Wysocki’s review of research/writing on graphic narratives was enlightening. I am not sure how the content was meant to be “less stimulating” when aimed at a working class readership, but I find the argument that these word/picture combos were aimed at “educating particular bodies toward passivity”(32). It seems important, generally, for the cited authors to establish a set of categories. Wysocki’s lit review/argument travels quite a bit, so I’ll try to at least point out some take-away threads. She starts with Hall’s assertion that, as she puts it, “we see ourselves in what we produce” (25). Ultimately, pitching words and pictures in the same work makes available more alternatives for how one can see herself in such media. Various authors did what they could to establish hierarchical categories that would stabilize the significance of images and neutralize any threat they might pose to norms as they perceive them. However, these categories can be worked across, disjuncted, and thus destabilized by putting the words at cross-purposes with the images, heightening awareness through satire in the image or meta-ish commentary on what is seen by the characters in the image as well as the reader.

“In Fun Home, the fraught household is described as resulting from the tensions of people trying to live as though “male” and “female” were cleanly defined by lists of dichotomous qualities like those I quoted some pages back” (40). The texts she’d cited had contributed to a discourse in which dichotomous thinking discouraged the characters from recognizing their less cleanly defined lived experience of gender and sexuality. I’m not sure I’m convinced that putting text in less predictable or more ambiguous places than adjacent to their respective, normative gendered images…I’m not sure this will do much to “dissolve” the dichotomy. I am convinced that Bechdel’s many drawings of different kinds of text has a lot to do with the story, the way the stories her parents told themselves/others about who they are seemed to matter more to them than their own lived experiences.

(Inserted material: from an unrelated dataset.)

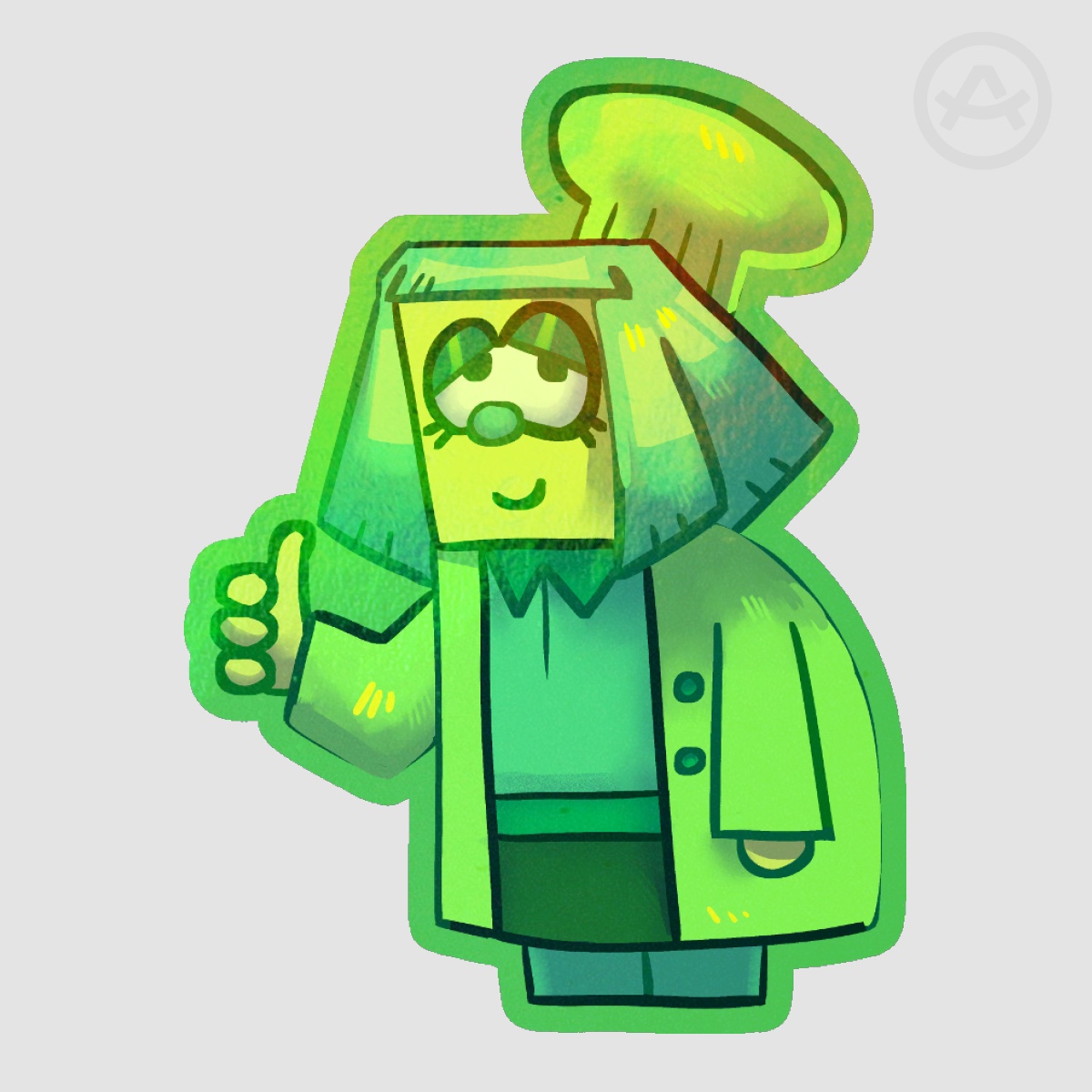 Green Chibi Sticker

“The possible relationships of words and drawings in this book are also multiplied, not endlessly but well beyond the restraint of what word and picture or male and female can be in the lists from the beginning of this paper”(41). It seems that having a space in the comic to create multiple relationships between words and drawings is being offered to readers who can explore such relationships and “question identities available to them'(42). In making this suggestion, Wysocki seems draws some correlation between mediation, embodiment, and identity. I’m still unclear about how this works. I remember something about the simultaneous inside and outside of embodiment that premises mediation, but as I understood it identity was something that could be internalized from the external mediations of the subject/’s body, but that subtle distinction between conditioned and intrinsic seems to get lost here.